» Input
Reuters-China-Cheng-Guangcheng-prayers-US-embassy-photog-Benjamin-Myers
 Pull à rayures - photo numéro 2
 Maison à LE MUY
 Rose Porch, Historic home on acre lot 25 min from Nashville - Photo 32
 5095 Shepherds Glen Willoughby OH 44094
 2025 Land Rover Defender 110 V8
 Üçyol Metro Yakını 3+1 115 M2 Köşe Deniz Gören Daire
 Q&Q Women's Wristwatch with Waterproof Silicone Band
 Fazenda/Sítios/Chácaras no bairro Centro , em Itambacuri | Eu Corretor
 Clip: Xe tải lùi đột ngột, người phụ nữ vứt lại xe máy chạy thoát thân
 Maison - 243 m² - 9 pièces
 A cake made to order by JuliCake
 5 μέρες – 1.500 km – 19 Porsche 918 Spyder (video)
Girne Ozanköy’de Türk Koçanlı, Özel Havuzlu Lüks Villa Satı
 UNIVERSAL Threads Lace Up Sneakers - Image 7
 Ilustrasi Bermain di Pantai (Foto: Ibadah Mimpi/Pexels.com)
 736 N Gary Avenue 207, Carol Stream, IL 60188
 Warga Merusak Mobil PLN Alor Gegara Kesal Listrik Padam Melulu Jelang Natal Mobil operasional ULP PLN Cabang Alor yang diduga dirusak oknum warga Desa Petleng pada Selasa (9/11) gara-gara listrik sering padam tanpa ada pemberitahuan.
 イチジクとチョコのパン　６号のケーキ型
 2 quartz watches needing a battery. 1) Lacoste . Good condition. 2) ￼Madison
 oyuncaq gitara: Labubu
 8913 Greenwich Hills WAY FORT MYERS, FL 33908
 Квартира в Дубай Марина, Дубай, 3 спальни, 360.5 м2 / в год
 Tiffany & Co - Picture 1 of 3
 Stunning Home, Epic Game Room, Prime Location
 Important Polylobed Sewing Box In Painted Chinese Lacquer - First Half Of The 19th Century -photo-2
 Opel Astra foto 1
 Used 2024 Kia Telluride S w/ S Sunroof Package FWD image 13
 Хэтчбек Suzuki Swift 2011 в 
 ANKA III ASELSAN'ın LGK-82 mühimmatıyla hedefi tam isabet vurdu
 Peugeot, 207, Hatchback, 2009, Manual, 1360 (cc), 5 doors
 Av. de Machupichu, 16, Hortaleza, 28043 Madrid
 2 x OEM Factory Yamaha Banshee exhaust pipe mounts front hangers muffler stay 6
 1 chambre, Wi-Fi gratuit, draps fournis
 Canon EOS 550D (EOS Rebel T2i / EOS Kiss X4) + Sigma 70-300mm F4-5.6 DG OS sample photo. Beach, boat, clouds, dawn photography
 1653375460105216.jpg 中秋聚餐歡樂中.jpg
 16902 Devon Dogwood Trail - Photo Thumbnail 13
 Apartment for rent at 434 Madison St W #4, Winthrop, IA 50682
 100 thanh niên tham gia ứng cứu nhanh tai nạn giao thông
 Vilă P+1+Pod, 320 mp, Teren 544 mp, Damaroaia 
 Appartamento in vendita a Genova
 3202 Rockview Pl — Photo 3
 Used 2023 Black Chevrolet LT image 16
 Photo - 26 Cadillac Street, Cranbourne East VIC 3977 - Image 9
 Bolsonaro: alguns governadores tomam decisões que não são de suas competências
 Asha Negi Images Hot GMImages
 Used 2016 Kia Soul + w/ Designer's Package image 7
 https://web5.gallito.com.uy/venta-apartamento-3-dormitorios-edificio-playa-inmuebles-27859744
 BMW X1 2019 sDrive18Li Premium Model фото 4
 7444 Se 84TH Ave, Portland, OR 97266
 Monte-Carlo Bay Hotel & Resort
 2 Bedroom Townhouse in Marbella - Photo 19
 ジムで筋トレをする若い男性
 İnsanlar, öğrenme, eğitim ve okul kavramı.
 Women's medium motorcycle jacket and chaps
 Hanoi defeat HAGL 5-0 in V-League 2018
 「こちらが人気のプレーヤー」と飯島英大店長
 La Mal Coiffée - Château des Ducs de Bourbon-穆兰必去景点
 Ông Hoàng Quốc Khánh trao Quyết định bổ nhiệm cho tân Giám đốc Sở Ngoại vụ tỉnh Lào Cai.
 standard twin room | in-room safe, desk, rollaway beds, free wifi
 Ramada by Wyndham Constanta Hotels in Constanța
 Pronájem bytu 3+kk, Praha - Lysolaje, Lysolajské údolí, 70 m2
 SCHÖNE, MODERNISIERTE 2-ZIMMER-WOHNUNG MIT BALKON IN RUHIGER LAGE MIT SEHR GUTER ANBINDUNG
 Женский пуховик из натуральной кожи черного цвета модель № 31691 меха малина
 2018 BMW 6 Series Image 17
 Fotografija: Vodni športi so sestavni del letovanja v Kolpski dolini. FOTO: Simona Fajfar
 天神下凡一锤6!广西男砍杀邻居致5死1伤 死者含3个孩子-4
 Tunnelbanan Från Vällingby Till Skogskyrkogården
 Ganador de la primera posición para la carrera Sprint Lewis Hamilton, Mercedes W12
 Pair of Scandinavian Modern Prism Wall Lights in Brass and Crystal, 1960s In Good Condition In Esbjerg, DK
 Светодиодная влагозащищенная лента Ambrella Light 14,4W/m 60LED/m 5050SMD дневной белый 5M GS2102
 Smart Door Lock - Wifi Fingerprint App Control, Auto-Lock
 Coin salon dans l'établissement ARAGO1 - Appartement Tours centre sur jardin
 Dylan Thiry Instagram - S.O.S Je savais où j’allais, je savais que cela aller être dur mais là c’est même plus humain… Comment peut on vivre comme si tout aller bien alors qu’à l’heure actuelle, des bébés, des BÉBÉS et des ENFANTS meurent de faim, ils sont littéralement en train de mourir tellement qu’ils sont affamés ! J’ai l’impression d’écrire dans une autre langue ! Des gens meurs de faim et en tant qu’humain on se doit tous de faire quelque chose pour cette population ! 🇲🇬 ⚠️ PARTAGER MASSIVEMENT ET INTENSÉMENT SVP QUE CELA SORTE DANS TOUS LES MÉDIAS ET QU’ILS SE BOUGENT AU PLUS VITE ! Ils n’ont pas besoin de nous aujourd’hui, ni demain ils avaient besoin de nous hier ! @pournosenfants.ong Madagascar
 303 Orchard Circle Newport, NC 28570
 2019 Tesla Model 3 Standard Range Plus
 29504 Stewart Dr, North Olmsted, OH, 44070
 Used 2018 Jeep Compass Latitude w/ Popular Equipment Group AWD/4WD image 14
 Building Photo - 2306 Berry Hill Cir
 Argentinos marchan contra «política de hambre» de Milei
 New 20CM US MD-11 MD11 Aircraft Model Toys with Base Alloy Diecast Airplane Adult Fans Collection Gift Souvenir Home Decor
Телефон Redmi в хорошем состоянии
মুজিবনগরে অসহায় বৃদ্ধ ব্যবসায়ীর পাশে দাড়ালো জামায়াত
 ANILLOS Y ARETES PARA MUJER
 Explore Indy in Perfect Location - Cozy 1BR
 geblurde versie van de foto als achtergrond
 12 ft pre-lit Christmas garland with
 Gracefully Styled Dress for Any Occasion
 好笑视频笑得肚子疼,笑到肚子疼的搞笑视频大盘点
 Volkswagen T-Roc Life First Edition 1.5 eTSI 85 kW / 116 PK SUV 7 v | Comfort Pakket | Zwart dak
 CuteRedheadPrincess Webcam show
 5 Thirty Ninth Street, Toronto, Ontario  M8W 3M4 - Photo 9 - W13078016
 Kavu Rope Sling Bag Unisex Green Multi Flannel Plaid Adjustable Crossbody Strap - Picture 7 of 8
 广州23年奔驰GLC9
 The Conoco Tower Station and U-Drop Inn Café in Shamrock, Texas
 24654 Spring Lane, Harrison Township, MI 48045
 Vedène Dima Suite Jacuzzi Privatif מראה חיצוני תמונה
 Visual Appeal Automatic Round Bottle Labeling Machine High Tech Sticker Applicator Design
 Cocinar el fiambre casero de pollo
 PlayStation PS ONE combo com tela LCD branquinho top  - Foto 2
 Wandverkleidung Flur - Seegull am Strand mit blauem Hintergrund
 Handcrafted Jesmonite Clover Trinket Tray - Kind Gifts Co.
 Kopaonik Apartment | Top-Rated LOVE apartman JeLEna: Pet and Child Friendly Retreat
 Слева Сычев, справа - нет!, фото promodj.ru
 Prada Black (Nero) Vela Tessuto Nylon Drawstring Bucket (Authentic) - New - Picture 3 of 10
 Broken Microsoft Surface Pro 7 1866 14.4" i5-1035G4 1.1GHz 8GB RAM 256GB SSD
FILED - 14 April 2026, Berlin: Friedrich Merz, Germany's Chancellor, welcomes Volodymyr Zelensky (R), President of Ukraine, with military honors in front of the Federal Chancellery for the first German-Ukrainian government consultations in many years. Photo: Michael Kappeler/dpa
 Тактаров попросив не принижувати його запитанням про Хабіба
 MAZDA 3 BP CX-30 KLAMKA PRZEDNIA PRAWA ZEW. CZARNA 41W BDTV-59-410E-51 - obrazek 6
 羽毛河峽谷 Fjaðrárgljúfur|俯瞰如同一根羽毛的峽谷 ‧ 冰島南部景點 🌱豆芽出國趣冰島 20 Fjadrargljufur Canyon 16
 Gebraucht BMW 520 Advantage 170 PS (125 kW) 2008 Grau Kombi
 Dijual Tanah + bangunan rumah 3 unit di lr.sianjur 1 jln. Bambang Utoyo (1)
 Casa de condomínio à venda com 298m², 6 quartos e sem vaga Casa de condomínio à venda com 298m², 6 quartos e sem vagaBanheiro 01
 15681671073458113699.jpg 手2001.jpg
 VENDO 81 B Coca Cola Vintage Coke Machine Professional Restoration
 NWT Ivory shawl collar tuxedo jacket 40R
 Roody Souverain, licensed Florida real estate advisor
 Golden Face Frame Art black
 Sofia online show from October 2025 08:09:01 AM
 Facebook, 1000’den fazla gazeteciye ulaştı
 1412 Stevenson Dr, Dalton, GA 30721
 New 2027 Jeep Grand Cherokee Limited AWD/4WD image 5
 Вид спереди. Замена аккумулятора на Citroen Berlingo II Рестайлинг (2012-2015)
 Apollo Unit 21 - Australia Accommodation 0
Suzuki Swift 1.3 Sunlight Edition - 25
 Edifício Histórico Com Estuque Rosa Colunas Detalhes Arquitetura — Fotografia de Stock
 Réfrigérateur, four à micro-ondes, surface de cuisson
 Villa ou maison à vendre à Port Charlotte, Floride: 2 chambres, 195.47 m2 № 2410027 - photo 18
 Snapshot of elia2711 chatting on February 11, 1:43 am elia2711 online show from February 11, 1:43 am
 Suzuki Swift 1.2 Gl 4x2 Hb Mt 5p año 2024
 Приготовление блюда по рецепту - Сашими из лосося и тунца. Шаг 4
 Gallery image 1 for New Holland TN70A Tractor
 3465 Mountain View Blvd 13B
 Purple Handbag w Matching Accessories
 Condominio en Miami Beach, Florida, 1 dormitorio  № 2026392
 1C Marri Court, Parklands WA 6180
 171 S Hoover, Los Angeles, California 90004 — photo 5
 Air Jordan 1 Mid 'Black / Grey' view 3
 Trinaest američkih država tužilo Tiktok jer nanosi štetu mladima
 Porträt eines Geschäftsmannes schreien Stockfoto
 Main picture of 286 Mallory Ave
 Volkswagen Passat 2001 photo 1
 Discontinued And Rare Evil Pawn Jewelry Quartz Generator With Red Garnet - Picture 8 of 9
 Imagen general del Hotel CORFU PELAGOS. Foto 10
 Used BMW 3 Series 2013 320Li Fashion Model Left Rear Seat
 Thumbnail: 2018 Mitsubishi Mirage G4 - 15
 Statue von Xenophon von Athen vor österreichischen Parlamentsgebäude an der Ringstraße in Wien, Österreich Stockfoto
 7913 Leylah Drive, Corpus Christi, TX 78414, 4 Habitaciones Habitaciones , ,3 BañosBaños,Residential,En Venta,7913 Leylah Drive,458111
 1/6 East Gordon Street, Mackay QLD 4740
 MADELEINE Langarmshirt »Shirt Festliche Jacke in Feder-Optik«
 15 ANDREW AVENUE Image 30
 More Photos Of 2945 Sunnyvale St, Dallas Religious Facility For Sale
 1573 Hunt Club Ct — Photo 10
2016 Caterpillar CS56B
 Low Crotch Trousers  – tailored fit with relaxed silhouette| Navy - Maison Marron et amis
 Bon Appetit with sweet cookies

» What you will do
The entries above hold a line with "16902 Devon Dogwood" and a later line with "Ramada by Wyndham". Write out exactly those lines and all lines between, nothing more.

» Exercise response
 16902 Devon Dogwood Trail - Photo Thumbnail 13
 Apartment for rent at 434 Madison St W #4, Winthrop, IA 50682
 100 thanh niên tham gia ứng cứu nhanh tai nạn giao thông
 Vilă P+1+Pod, 320 mp, Teren 544 mp, Damaroaia 
 Appartamento in vendita a Genova
 3202 Rockview Pl — Photo 3
 Used 2023 Black Chevrolet LT image 16
 Photo - 26 Cadillac Street, Cranbourne East VIC 3977 - Image 9
 Bolsonaro: alguns governadores tomam decisões que não são de suas competências
 Asha Negi Images Hot GMImages
 Used 2016 Kia Soul + w/ Designer's Package image 7
 https://web5.gallito.com.uy/venta-apartamento-3-dormitorios-edificio-playa-inmuebles-27859744
 BMW X1 2019 sDrive18Li Premium Model фото 4
 7444 Se 84TH Ave, Portland, OR 97266
 Monte-Carlo Bay Hotel & Resort
 2 Bedroom Townhouse in Marbella - Photo 19
 ジムで筋トレをする若い男性
 İnsanlar, öğrenme, eğitim ve okul kavramı.
 Women's medium motorcycle jacket and chaps
 Hanoi defeat HAGL 5-0 in V-League 2018
 「こちらが人気のプレーヤー」と飯島英大店長
 La Mal Coiffée - Château des Ducs de Bourbon-穆兰必去景点
 Ông Hoàng Quốc Khánh trao Quyết định bổ nhiệm cho tân Giám đốc Sở Ngoại vụ tỉnh Lào Cai.
 standard twin room | in-room safe, desk, rollaway beds, free wifi
 Ramada by Wyndham Constanta Hotels in Constanța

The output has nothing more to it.